Measuring surface tension of polymer melts

The surface (interfacial) tension of polymer melts is an important thermodynamic parameter that plays a key role in many technological processes such as wetting, coating, polymer blending, and the reinforcement of polymers with fibers. In our lab, we use an in-house development, based on a modified Wilhelmy technique to determine the surface tension of polymer melts at elevated temperatures.

Device for modified Wilhelmy - measurements

The modified Wilhelmy balance technique

The modified Wilhelmy balance technique is a versatile technique to measure indirectly either the surface (wetting) tension of polymer melts or the contact angle at the solid-polymer melt interface. We use thin fibers (diameter < 100 µm) as solid probes. The advantage of this arrangement is that the density of the polymer melt is not needed to calculate its surface tension.
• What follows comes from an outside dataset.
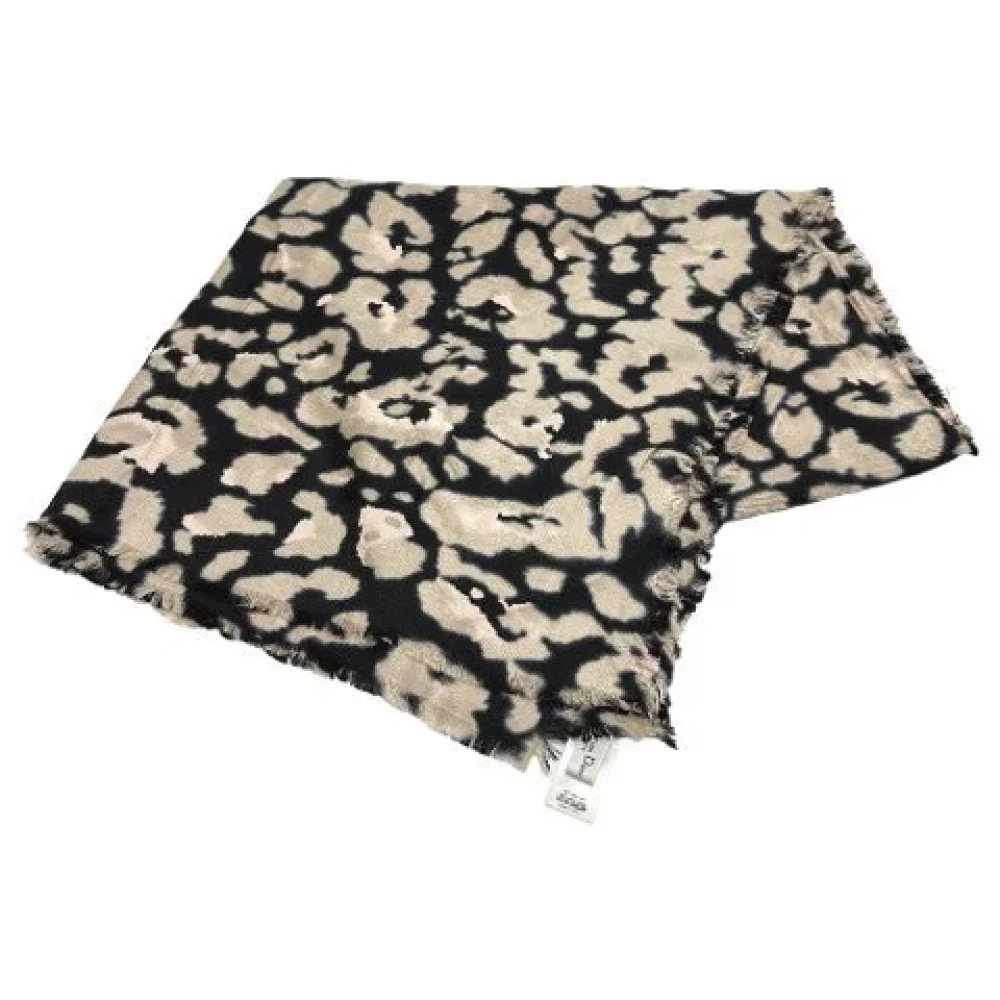 Dior Vintage Pre-owned Silk scarves Beige Dames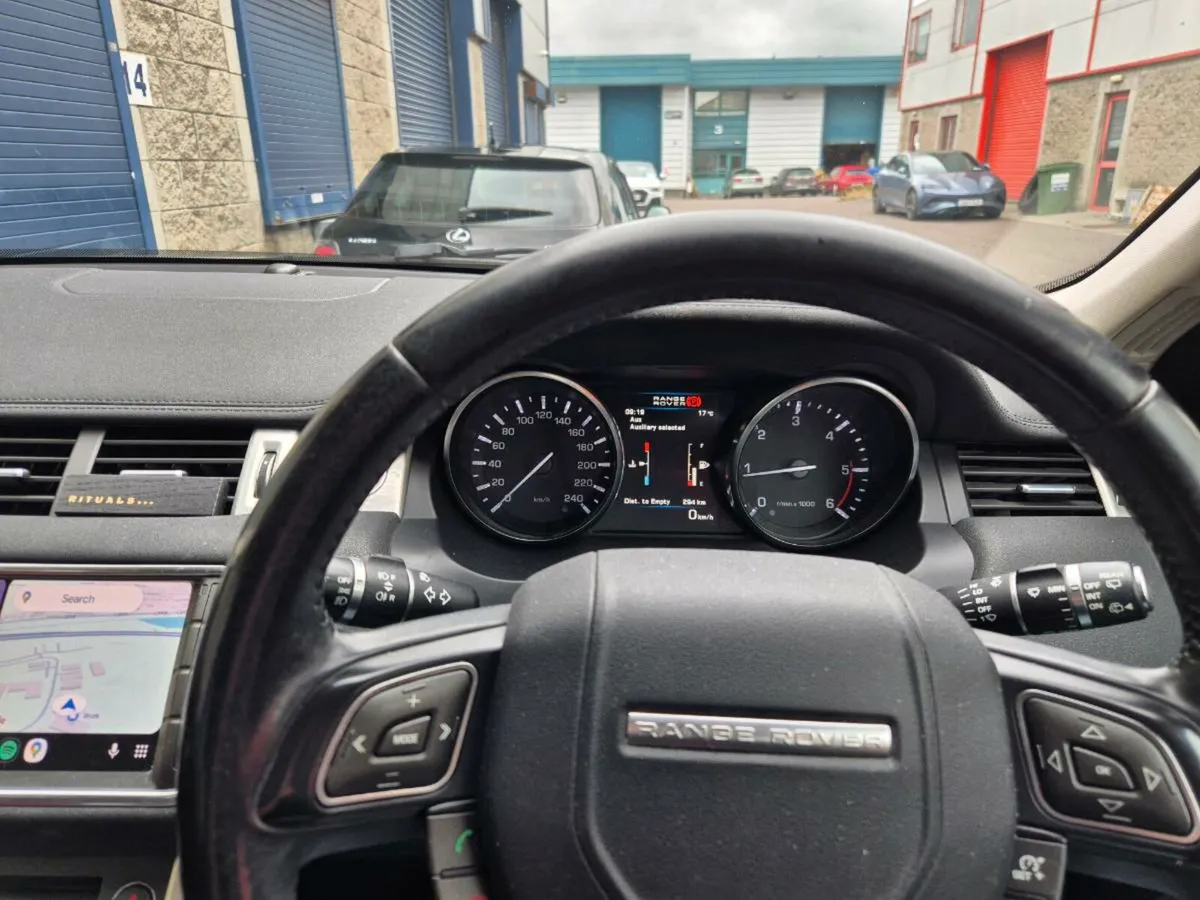 Range Rover Evoque - Image 3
Our instruments consist of supersensitive microbalances (accuracy: ± 2µg) and a motor driven movable table, on which a high-temperature cell containing the polymer sample is placed. The experiments can be performed under inert gas atmosphere and at elevated temperatures.

Scheme of the experimental set-up

Technical Data:
Diameter of fibers: 8 to100 µm
Net weight of solid polymer per gaging: ca. 50 mg
Measurement is carried out in an argon inert gas flow
Max. temperature: ca. 300°C
Control software: Custom-made TestPoint™ application

In the Wilhelmy experiment, a thin fiber is immersed into the polymer melt. The measured quantity is the force F per unit length of the fiber perimeter p. It is calculated from the increase in mass m due to the wetting of the fiber by the polymer melt which is recorded by an electrobalance. The force per unit length equals the wetting tension γlvcosθ.
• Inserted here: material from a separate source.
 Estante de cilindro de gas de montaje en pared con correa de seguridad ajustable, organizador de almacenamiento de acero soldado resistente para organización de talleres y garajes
Wetting of the fiber by a polymer melt

However, there are several difficulties that should be noted as the measured force on the electrobalance is the sum of gravitational, interfacial and buoyancy forces. Whereas the buoyancy force can be neglected using thin fibers and therefore also the knowledge of the melt density at elevated temperatures, the main difficulty in the experiment is the high viscosity of the polymer melt. Due to the forced fiber/ fluid motion, non-negligible force contributions result from the shear stress exerted by the viscous flow of the liquid on the fiber. To exclude these hydrodynamic effects in the Wilhelmy experiment, the fiber is held stationary at a constant immersion depth until viscous relaxation occurs.
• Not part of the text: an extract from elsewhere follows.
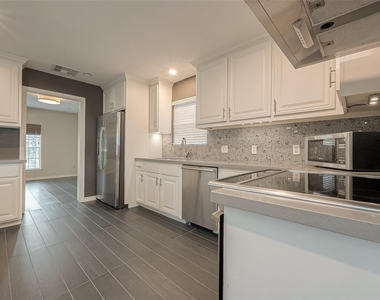 11406 High Star Drive - Photo Thumbnail 22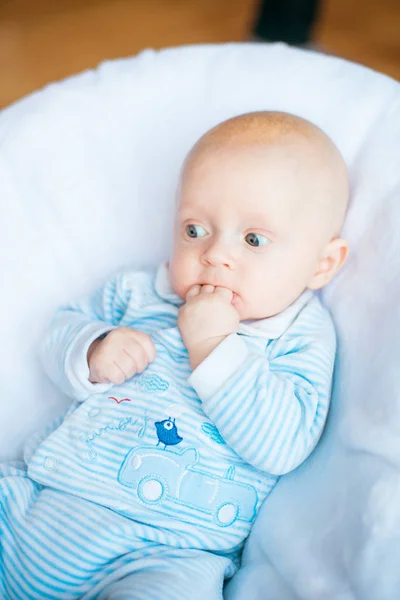 Adorable Bebé Dormitorio Blanco Soleado Niño Recién Nacido Relajándose Cama —  Fotos de Stock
Typical curve for a Wilhelmy experiment (acrylic resin melt that contains a leveling additve)

Compared to drop shape methods, a drawback of the Wilhelmy technique is that the surface tension is not measured directly. Since the measured quantity equals the wetting tension γlvcosθ complete wetting of the fiber by the polymer melt (contact angle =0°) is required to obtain the surface tension.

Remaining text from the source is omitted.